The project launched on Wednesday, six years after a gunman killed 17 people and injured more than a dozen at a high school in Parkland, Florida. It features the voice of six children, some as young as ten, and young adults, who have lost their lives in incidents of gun violence across the US. Once you type in your zip code, The Shotline finds your local representative and lets you place an automated call from one of the six dead people in their own voice, urging for stronger gun control laws. “I’m back today because my parents used AI to recreate my voice to call you,” says the AI-generated voice of Joaquin Oliver, one of the teenagers killed in the Parkland shooting. “Other victims like me will be calling too.” At the time of publishing, more than 8,000 AI calls had been submitted to lawmakers through the website.

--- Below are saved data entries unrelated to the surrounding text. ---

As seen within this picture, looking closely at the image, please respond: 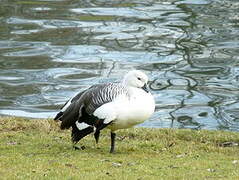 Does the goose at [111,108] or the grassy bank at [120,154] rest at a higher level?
the goose at [111,108]

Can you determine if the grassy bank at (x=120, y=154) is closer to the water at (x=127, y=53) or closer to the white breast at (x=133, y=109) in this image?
the white breast at (x=133, y=109)

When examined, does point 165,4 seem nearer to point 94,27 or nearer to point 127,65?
point 94,27

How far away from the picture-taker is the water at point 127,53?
18312 mm

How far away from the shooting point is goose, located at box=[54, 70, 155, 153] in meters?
10.7

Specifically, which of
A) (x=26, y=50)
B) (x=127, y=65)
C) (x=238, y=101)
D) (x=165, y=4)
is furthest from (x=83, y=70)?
(x=165, y=4)

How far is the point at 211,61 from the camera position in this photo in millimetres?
22406

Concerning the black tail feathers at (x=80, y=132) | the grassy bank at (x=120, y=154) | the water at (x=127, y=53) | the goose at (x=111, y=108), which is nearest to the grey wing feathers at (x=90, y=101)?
the goose at (x=111, y=108)

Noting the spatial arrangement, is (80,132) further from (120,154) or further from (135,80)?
(135,80)

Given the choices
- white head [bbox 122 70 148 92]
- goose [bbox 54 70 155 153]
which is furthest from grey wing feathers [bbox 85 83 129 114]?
white head [bbox 122 70 148 92]

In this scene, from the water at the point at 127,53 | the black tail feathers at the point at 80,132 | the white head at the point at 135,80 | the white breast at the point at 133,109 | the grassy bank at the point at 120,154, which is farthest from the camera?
the water at the point at 127,53

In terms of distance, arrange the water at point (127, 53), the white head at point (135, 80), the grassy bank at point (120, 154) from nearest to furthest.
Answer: the grassy bank at point (120, 154), the white head at point (135, 80), the water at point (127, 53)

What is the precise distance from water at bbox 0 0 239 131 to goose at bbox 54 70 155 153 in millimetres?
5662

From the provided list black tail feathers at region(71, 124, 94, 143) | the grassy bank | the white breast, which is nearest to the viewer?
the grassy bank

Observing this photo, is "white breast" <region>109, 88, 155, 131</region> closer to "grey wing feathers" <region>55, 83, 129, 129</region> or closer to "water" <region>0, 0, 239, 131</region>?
"grey wing feathers" <region>55, 83, 129, 129</region> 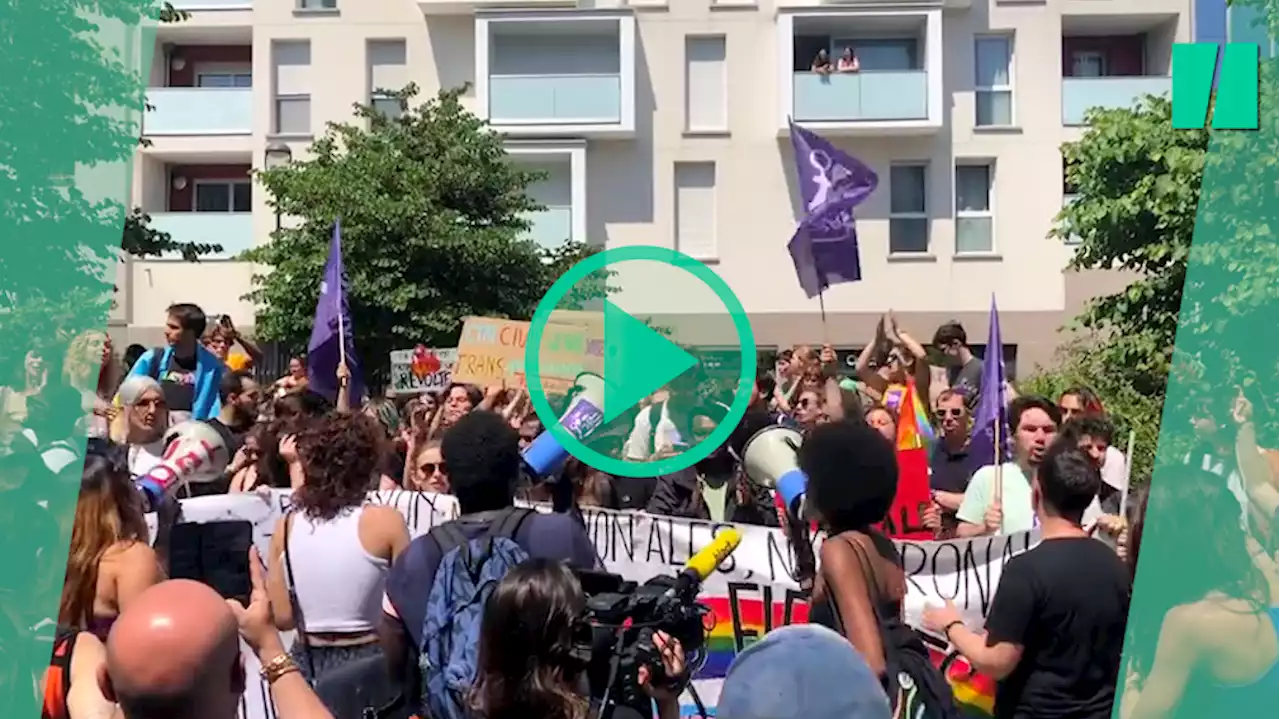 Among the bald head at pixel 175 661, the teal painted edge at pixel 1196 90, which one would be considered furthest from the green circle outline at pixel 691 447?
the teal painted edge at pixel 1196 90

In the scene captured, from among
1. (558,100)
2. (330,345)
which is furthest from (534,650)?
(558,100)

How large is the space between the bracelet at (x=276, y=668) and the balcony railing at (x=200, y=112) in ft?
80.2

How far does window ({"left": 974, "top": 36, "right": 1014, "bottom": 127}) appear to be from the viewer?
2544 cm

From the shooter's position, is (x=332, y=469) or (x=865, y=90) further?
(x=865, y=90)

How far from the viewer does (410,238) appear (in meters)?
20.2

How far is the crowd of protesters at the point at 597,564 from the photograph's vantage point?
2.03 m

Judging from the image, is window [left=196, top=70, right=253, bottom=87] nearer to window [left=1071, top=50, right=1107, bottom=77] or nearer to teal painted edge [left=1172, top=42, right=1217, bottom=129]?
window [left=1071, top=50, right=1107, bottom=77]

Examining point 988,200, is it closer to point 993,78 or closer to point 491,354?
point 993,78

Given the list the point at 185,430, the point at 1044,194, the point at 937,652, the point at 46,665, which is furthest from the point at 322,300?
the point at 1044,194

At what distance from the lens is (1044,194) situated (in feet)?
82.2

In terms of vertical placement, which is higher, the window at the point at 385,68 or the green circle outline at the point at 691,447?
the window at the point at 385,68

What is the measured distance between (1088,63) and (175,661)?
87.9 ft

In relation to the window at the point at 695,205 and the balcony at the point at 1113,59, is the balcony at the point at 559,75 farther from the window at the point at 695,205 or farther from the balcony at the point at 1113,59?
the balcony at the point at 1113,59

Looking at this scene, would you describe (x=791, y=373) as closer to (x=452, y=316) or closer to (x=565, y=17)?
(x=452, y=316) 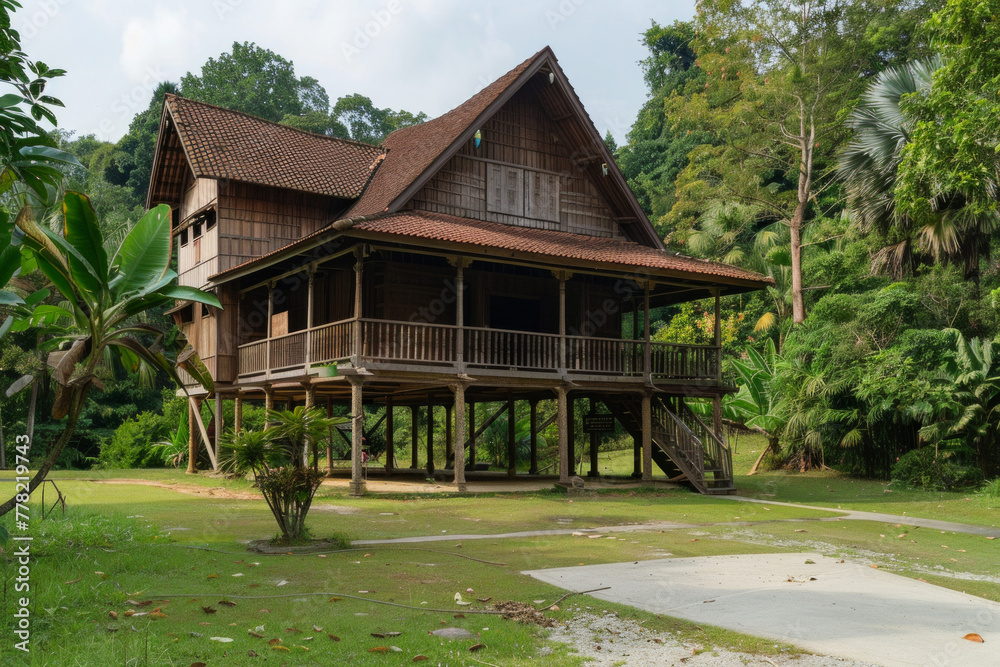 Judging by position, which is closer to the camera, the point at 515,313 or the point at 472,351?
the point at 472,351

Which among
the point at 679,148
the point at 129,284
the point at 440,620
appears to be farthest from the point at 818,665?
the point at 679,148

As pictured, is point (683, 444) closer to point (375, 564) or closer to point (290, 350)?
Answer: point (290, 350)

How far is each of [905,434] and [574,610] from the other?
1904cm

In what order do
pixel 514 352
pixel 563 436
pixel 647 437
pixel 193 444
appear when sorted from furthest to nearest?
pixel 193 444 < pixel 647 437 < pixel 563 436 < pixel 514 352

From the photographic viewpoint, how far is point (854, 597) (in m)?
7.34

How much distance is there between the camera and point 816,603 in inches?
277

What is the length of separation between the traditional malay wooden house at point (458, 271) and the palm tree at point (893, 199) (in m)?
6.17

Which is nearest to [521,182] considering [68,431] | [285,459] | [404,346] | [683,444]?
[404,346]

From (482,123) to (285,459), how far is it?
1236cm

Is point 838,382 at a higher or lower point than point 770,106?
lower

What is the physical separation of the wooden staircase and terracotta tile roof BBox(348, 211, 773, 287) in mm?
3340

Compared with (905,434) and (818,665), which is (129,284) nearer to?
(818,665)

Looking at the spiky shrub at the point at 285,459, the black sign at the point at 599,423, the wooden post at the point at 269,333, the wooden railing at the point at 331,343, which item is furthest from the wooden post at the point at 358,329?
the black sign at the point at 599,423

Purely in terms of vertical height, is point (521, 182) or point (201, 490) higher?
point (521, 182) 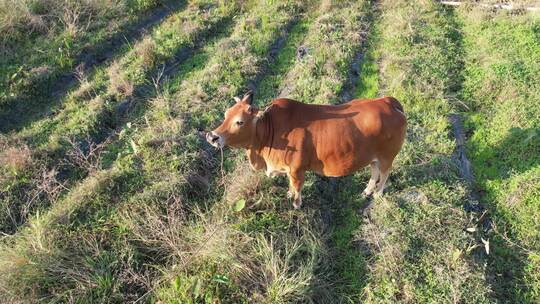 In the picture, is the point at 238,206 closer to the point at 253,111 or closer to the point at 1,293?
the point at 253,111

“This is a United States problem and we have not been able to fix it,” Oliver’s father Manuel, who started the project along with his wife Patricia, told the Journal. “If we need to use creepy stuff to fix it, welcome to the creepy.”

To recreate the voices, the Olivers used a voice cloning service from ElevenLabs, a two-year-old startup that recently raised $80 million in a round of funding led by Andreessen Horowitz. Using just a few minutes of vocal samples, the software is able to recreate voices in more than two dozen languages. The Olivers reportedly used their son’s social media posts for his voice samples. Parents and legal guardians of gun violence victims can fill up a form to submit their voices to The Shotline to be added its repository of AI-generated voices.

The project raises ethical questions about using AI to generate deepfakes of voices belonging to dead people. Last week, the Federal Communications Commission declared that robocalls made using AI-generated voices were illegal, a decision that came weeks after voters in New Hampshire received calls impersonating President Joe Biden telling them to not vote in their state’s primary. An analysis by security company called Pindrop revealed that Biden’s audio deepfake was created using software from ElevenLabs.

The company’s co-founder Mati Staniszewski told the Journal that ElevenLabs allows people to recreate the voices of dead relatives if they have the rights and permissions. But so far, it’s not clear whether parents of minors had the rights to their children’s likenesses.